**AVAILABLE RECORDS**
»»
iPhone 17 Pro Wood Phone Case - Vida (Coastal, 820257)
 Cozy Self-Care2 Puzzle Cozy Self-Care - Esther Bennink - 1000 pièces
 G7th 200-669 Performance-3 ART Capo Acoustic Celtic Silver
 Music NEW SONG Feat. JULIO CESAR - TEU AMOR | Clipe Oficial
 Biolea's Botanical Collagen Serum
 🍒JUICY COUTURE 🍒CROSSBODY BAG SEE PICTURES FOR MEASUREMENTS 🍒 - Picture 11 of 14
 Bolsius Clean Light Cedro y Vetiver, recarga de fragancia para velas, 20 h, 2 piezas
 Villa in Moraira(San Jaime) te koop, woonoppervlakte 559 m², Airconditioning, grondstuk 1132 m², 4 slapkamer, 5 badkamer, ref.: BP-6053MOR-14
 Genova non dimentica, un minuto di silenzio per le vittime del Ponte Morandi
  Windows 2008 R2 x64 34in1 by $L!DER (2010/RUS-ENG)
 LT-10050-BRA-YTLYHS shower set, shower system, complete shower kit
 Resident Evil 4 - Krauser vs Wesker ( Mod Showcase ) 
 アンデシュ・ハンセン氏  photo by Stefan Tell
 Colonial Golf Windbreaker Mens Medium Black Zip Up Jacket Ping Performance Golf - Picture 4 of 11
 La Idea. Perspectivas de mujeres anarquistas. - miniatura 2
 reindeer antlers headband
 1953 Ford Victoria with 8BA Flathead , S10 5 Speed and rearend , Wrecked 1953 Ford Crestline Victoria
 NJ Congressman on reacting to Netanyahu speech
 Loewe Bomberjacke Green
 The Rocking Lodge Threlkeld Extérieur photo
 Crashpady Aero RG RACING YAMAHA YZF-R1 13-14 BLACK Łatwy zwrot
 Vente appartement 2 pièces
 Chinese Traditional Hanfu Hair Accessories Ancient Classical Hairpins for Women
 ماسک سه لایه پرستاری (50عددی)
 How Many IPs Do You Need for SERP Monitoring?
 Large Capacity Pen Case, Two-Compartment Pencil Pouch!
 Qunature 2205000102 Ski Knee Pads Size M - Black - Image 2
««
Search the entries for the line holding "reindeer antlers headband". Return that line and the ones after it through the last, exactly.

**TASK ANSWER**
 reindeer antlers headband
 1953 Ford Victoria with 8BA Flathead , S10 5 Speed and rearend , Wrecked 1953 Ford Crestline Victoria
 NJ Congressman on reacting to Netanyahu speech
 Loewe Bomberjacke Green
 The Rocking Lodge Threlkeld Extérieur photo
 Crashpady Aero RG RACING YAMAHA YZF-R1 13-14 BLACK Łatwy zwrot
 Vente appartement 2 pièces
 Chinese Traditional Hanfu Hair Accessories Ancient Classical Hairpins for Women
 ماسک سه لایه پرستاری (50عددی)
 How Many IPs Do You Need for SERP Monitoring?
 Large Capacity Pen Case, Two-Compartment Pencil Pouch!
 Qunature 2205000102 Ski Knee Pads Size M - Black - Image 2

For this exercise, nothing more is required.